Steve McClure, one of Britain's most talented sport climbers, introduces the hallowed ground of English sport climbing: Raven Tor.

Raven Tor. A crag that has become famous beyond its own measure. Sometimes though history is worth as much as quality, and sometimes it even adds quality. This is a crag that was undoubtedly base camp for the sport stars in the eighties and early nineties, the UK’s forcing ground for the hardest routes. Ron Fawcett on Sardine in 1981, Jerry Moffatt with Revelations in 1984 (one of the world's hardest at the time), followed by Antoine Le Menestrel's famous solo of Revelations a year later, Martin Atkinson and his Mecca - The Mid-life Crisis in 1988 (at 8b+ yet another one of the world's hardest, completed the day before he emigrated), Ben Moon's Hubble (the world's first 8c+ in 1990) , and finally Moffat on Evolution in 1995 – which in many respects marked the end of the sport boom in the UK.

Some love it, some hate it, but none find Raven Tor easy. With 7b being about the easiest way up, this is certainly not a beginners crag! The saying goes that if you can climb hard here you can climb hard anywhere... Routes are extremely technical, extremely fingery and extremely intense. They are not ploddy stamina routes with good shake-outs.

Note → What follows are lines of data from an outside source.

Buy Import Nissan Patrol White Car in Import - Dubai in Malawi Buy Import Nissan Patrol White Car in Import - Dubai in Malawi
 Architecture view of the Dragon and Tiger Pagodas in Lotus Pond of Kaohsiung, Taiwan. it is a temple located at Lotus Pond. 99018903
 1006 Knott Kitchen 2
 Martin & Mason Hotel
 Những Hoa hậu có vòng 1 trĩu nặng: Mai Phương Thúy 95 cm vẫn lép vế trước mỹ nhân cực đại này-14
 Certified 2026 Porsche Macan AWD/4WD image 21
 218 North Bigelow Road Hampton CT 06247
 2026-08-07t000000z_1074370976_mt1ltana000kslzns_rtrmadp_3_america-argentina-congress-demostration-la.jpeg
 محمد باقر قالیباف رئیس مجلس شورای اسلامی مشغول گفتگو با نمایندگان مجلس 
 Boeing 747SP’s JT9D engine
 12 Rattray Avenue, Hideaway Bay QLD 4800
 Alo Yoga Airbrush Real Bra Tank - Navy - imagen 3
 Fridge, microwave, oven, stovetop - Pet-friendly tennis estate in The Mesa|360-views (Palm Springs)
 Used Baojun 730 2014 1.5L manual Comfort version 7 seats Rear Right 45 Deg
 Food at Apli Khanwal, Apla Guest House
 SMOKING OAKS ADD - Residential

Although visually some may feel Raven Tor to be mediocre when compared to many world class crags, the scale should be looked past and the quality of the routes absorbed. As an example, Hubble, at only around 8 hard moves long and one of the shortest on the cliff, is one of the best routes I have ever climbed! Most that become absorbed become obsessed: short, intense sequences occupying any free mind space and drawing back the addicted over and over, often for a lifetime. There is enough here even for that, and whole careers have been spent at the Tor, for some, even on one route! But the cliff has much more to offer: contrasting the shorter bouldery routes there are much longer affairs up to 30 metres in length. But even these are hardly plods, more like battles; with complex sections interspersed with arm sapping rests. Even the boulderer will be happy, with very short hard problems both steep and vertical, as well as endurance nightmares over 100 moves long.

The short-climber's card can’t be played here, the rock is too featured, with many edges and opportunities, though rarely very big! It leads to a unique style, a technician's delight. Power is not enough, but a large bag of it is essential! You’ll want good conditions for those tiny crimps, spring and particularly autumn are perfect when the mornings are cool and the air is clear. Should it rain the crag is so steep it won’t get wet and you won’t even need an umbrella to get to the crag from the car. It only takes 20 seconds!